Д. И. Завалишин полагал, что критика некоторых черт характера и стиля командования Лазарева может быть воспринята неблагожелательно частью общества, считавшего, что об исторических личностях следует вспоминать лишь с похвалой, без придирчивости к их недостаткам и слабостям, которые происходят порой от большой ответственности их службы на высоких постах, а судить их-де следует лишь по делам на благо Отечества.
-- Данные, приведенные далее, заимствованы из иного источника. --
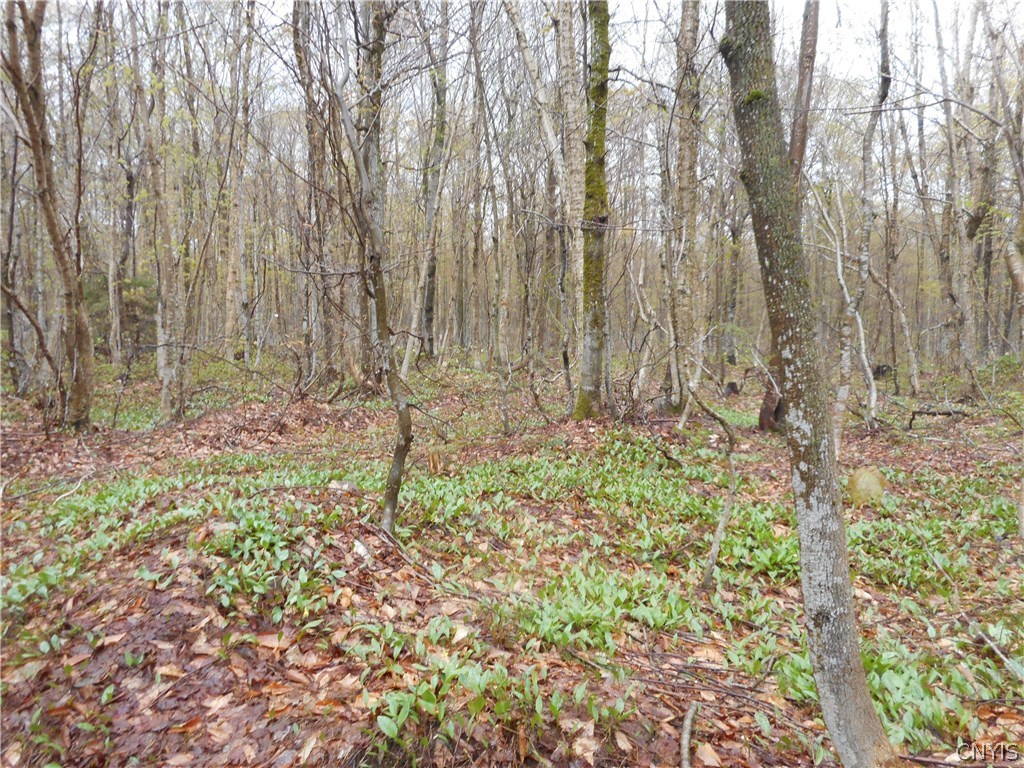 0 Kerber Road Ava, NY 13303 - Photo 23 of 24 Gallery Image 23
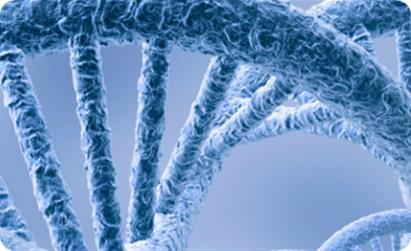 Biosample Nucleic Acid Purification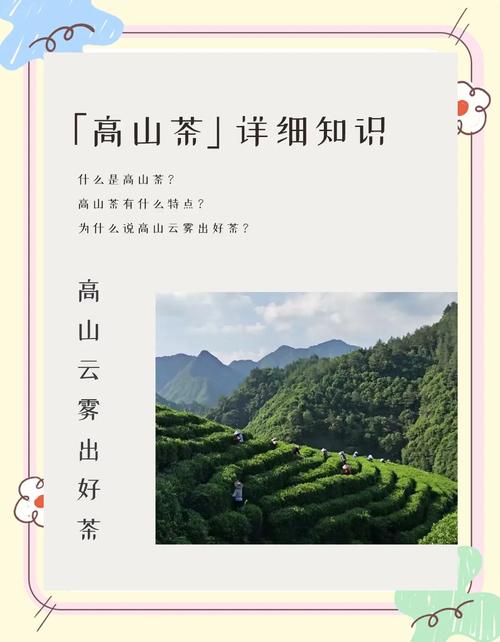 鼠尾草茶：自然馈赠的芬芳与健康之选
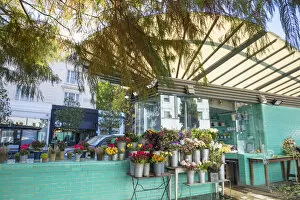 Flower shop, Notting Hill, London, England, UK
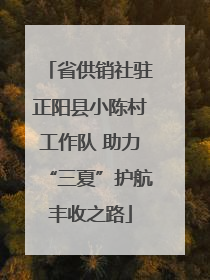 省供销社驻正阳县小陈村工作队 助力“三夏”护航丰收之路
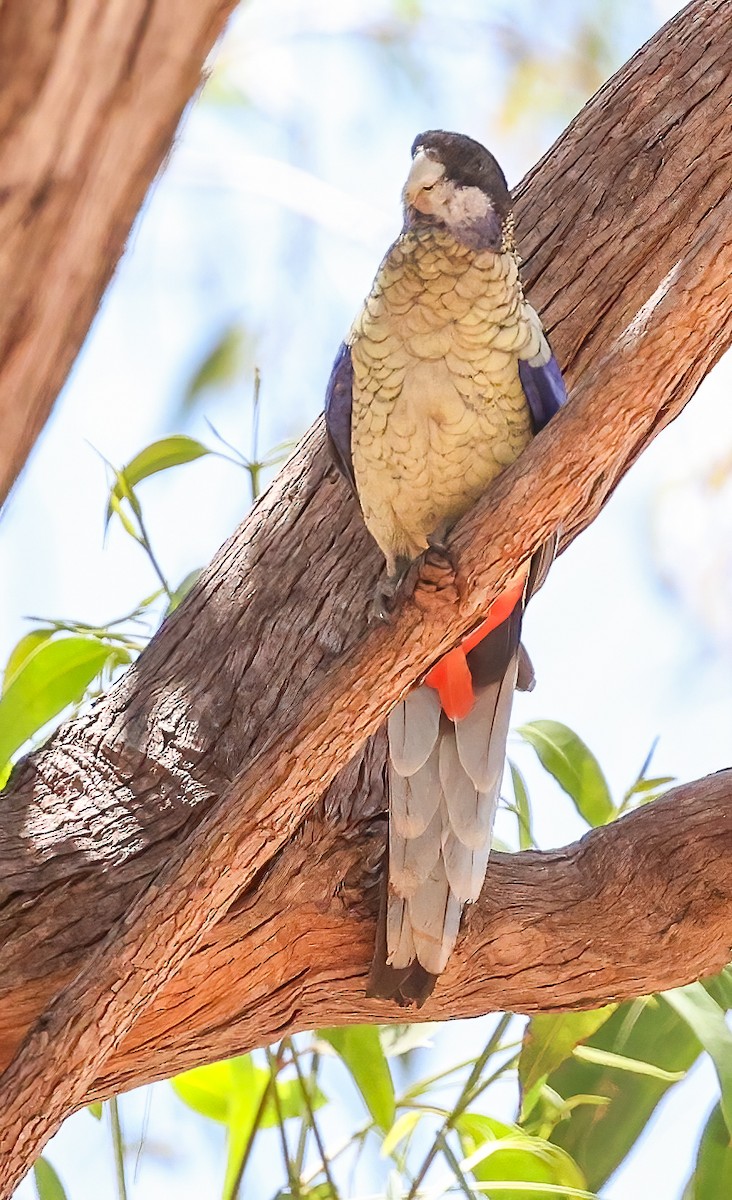 Черноголовая розелла - ML645894781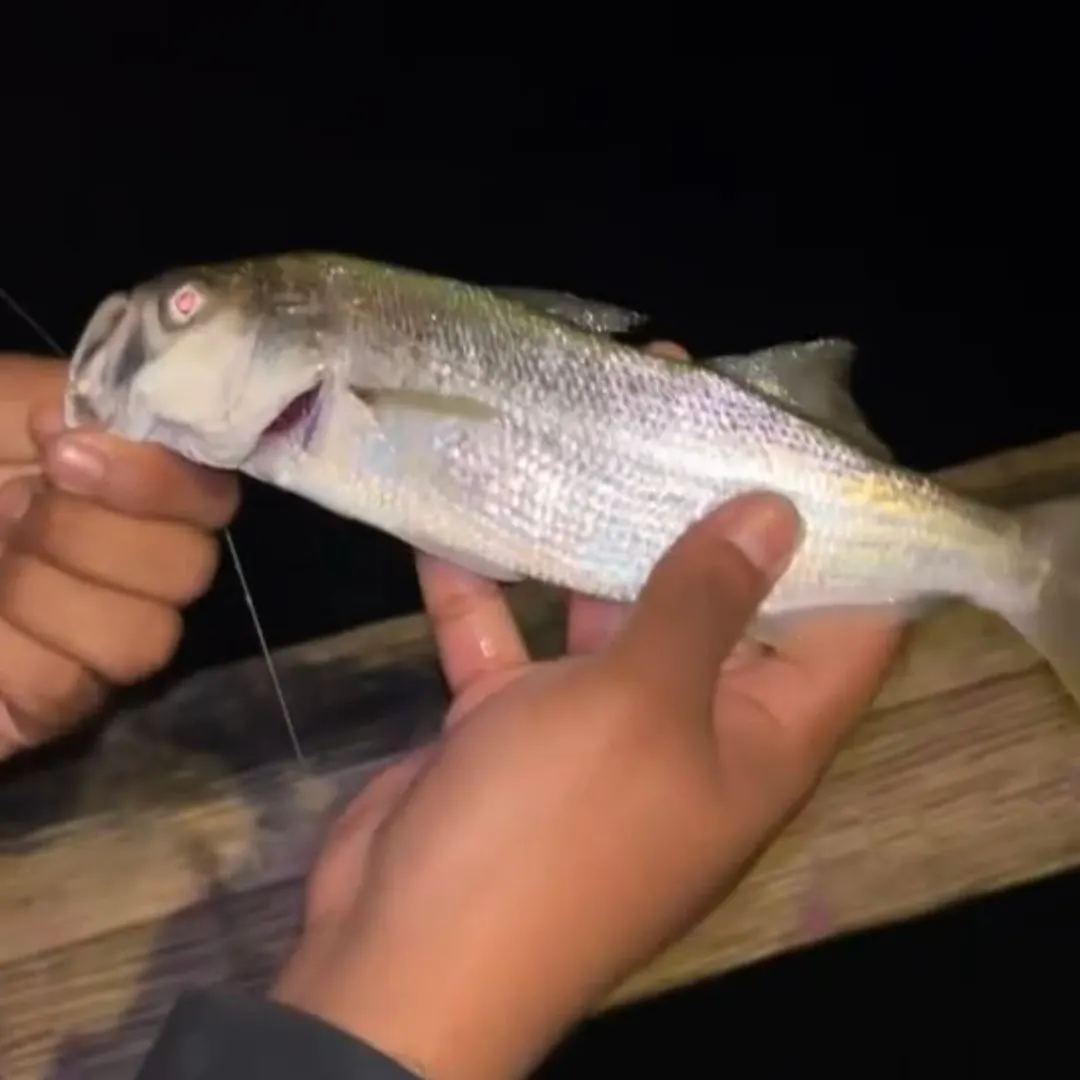 The most recent Queenfish catches on Fishbrain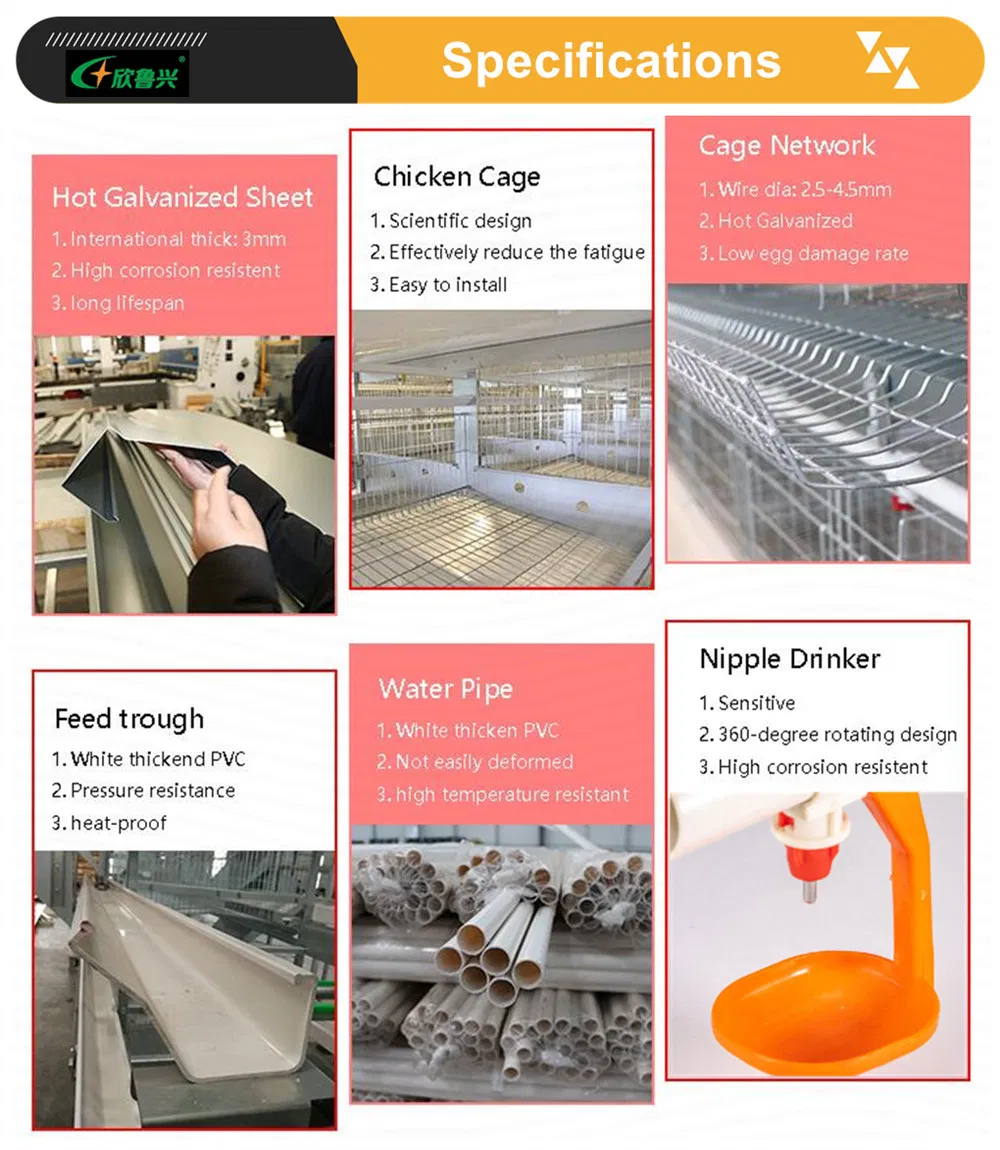 Dar Es Salaam Tanzania Poultry Farm Chicken Layers Battery Cages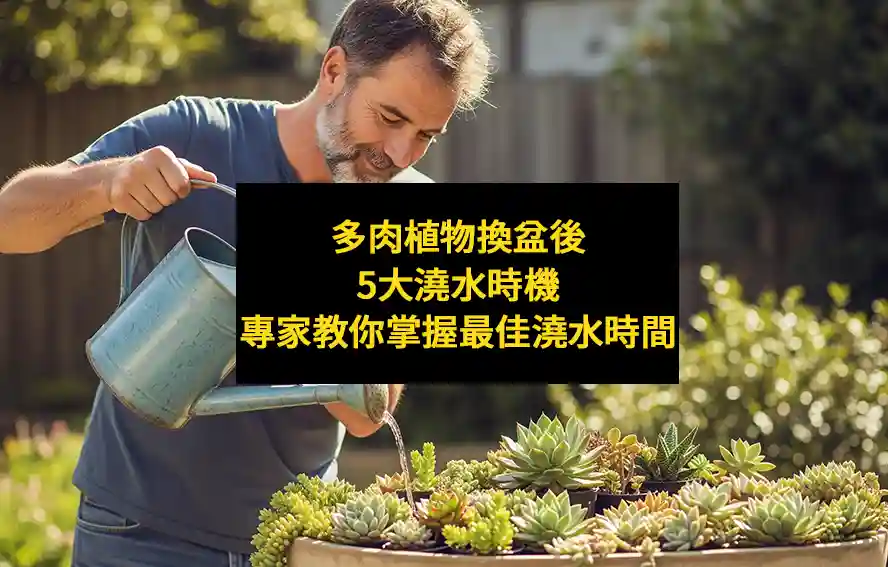 多肉植物換盆後5大澆水時機：專家教你掌握最佳澆水時間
Однако, позволив себе указать на его чрезмерную, на взгляд многих служивших под началом Лазарева, строгость, Завалишин и сам очень высоко оценил деятельность Михаила Петровича в ходе плавания, выходящую по своим следствиям для российского флота далеко за рамки одной лишь кругосветной экспедиции: «<…> Кончилось знаменитое плавание фрегата, послужившего впоследствии образцом для всех черноморских кораблей, и на котором, под влиянием Лазарева, развились бесспорно все отличавшие севастопольских моряков качества — сознание долга службы, мужество, хладнокровие в опасности и самопожертвование. <…> Почти все офицеры, служившие на нем, были потом с Лазаревым же при Наварине. <…> Нет нужды упоминать вновь о Нахимове и Путятине»{234}.

Завершая тему лазаревского стиля руководства, необходимо отметить, что обретенные Лазаревым в начале флотской службы привычки, методы воспитания и общения с офицерами и нижними чинами ни в коей мере не могут являться определяющими при оценке личности Михаила Петровича, прежде всего потому, что он никогда не использовал их, так же, как и свою власть, в личных, а тем более в корыстных целях. Никогда проступок матроса или офицера и следовавшее за ним наказание, порой неуместное или несправедливое (хотя понятие справедливости и адекватности наказания всегда несет на себе печать субъективизма и зависит от нравов и законов, существующих в обществе), не являлись для него поводом к дальнейшему угнетению провинившегося человека. Было бы также неверно отнести все особенности его командирского поведения исключительно на счет английского влияния. Некоторые из упомянутых недостатков Михаила Петровича Лазарева, отмеченных его современниками, происходили от существовавшей в то время сословности и соответствующего воспитания.

Бунт в Ситхе

Поведение членов экипажа в дальнем походе, их отношение к службе, к старшим по рангу и к младшим чинам служат важнейшим залогом успеха в выполнении порученной экипажу задачи. Эта истина, верная во все времена, в эпоху парусного флота имела особое значение. Способность выполнять тяжелый физический труд на борту, необходимость совершенствовать навыки управления парусами и судном в любых погодных условиях, умение действовать слаженно в чрезвычайных ситуациях зависели не только от дисциплинированности и выучки экипажа, но и от морального климата на корабле.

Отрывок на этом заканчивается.